It is important to keep in mind that the response distances reported here were measured at the moment the driver pressed the touch pad and not necessarily when pedestrian recognition first occurred. The reaction time data recorded in the first lap, combined with the knowledge of the speed that the driver was traveling when he or she responded in each lap, can be used to estimate the distance at which recognition first occurred. These calculations, which are not presented here, did not result in changes to the overall patterns revealed by the ANOVA. Averaged across the participants in each age group, the mean distance traveled during the mean reaction time was 31.2 m (102.4 feet) for the younger drivers and 29.0 m (95.1 feet) for the older drivers. Adding these values to the response distances presented in Table 3 provides a rough estimate of the recognition distances.
The present experiment sought to quantify the ability of drivers to recognize the presence of roadside pedestrians at night. Young and older drivers drove a test vehicle around a closed road circuit and pressed a large dash-mounted touch pad when they first recognized that a pedestrian (positioned on the far shoulder of a two- or three-lane roadway) was present. A novel parallax-based system was used to measure response distances. The data strongly demonstrate that driver age, pedestrian clothing, and headlamp beam setting all significantly affect both the probability that a driver will recognize the presence of a roadside pedestrian and the distance at which drivers respond to pedestrians under realistic nighttime driving conditions.
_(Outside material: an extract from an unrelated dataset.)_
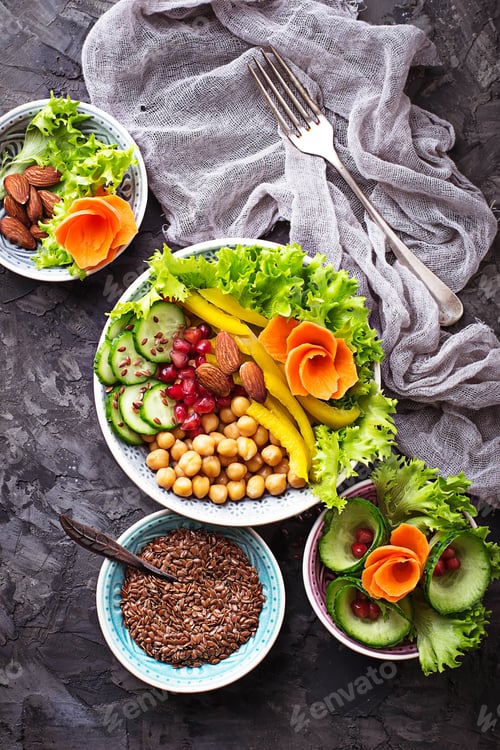 Preview: Buddha bowl with vegetable and chick-pea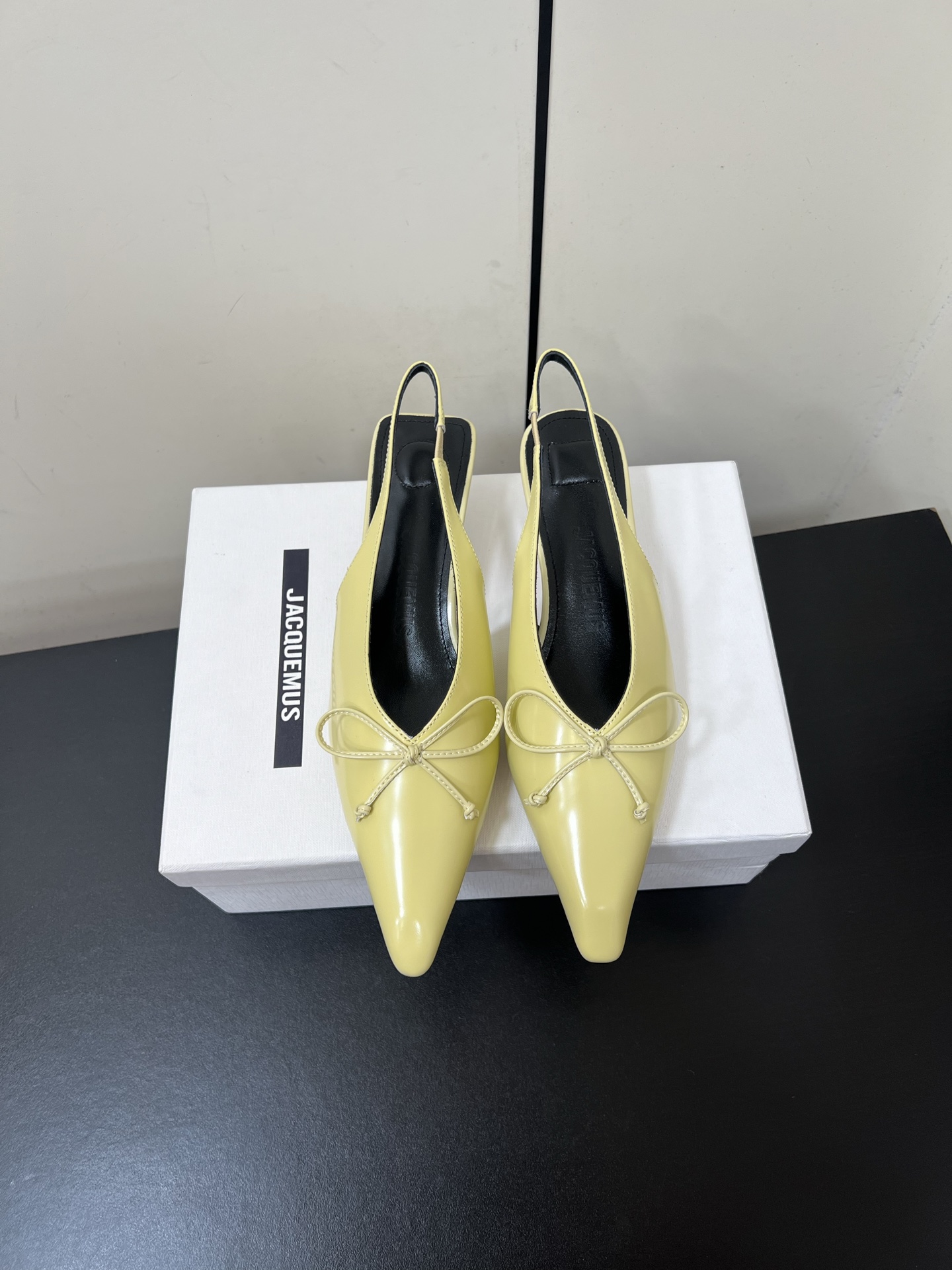 Fashionable Jacquemus Pointy Kitten Heels in Small Crowds, Custom-Made with Cow and Sheep Skin - 图片 9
The ability of older drivers to respond to the presence of pedestrians was consistently worse than that of the younger drivers. Whereas the young drivers recognized 84% of the pedestrians overall (94% in the absence of glare and 75% in the presence of glare), older drivers recognized only 53% of the pedestrians (59% with no glare and 48% with glare). The older drivers also identified the pedestrians at significantly shorter distances than did the younger drivers. Overall, the mean recognition distance for the older drivers was only 58% of that of the younger drivers. Depending on the clothing and beam conditions, older drivers' mean response distances ranged from 0% to 76% of those corresponding means of the younger drivers. These results are in general agreement with those of Chrysler et al. (1996), who reported that pedestrian detection distances (for a child-sized mannequin) were up to 75% shorter for older drivers than for younger drivers for some visibility conditions. Interestingly, Luoma et al. (1996) found smaller age-related decreases in pedestrian recognition distances, which may relate to the fact that their participants acted as passengers (seated in either the passenger seat or the back of the vehicle), not drivers. The participants in our study drove under realistic conditions while performing a sign detection task.
The age-related decline in the ability to respond to the presence of pedestrians is unlikely to be attributable to differences in driver reaction time, given that the reaction times measured in the first lap for each driver were not significantly different between age groups. The age effect also seems unlikely to be attributable to age-related differences in the drivers' response criterion, given that the only false alarm was from an older driver. Instead, age-related changes in visual function are likely to be responsible for the age effects reported here. Of particular relevance are age-related changes reported in contrast sensitivity (e.g., Elliott, Whitaker, & MacVeigh, 1990; Higgins, Jaffe, Caruso, & deMonasterio, 1988; Scialfa, Garvey, Tyrrell, Goebel, & Leibowitz, 1992), static (Frisen & Frisen, 1981; Wood & Bullimore, 1995) and dynamic visual acuity (Long & Crambert, 1990), glare sensitivity (Haegerstrom-Portnoy, Schneck, & Brabyn, 1999), motion sensitivity (Wood & Bullimore, 1995), and the useful field of view (Ball, Beard, Roenker, Miller, & Griggs, 1988).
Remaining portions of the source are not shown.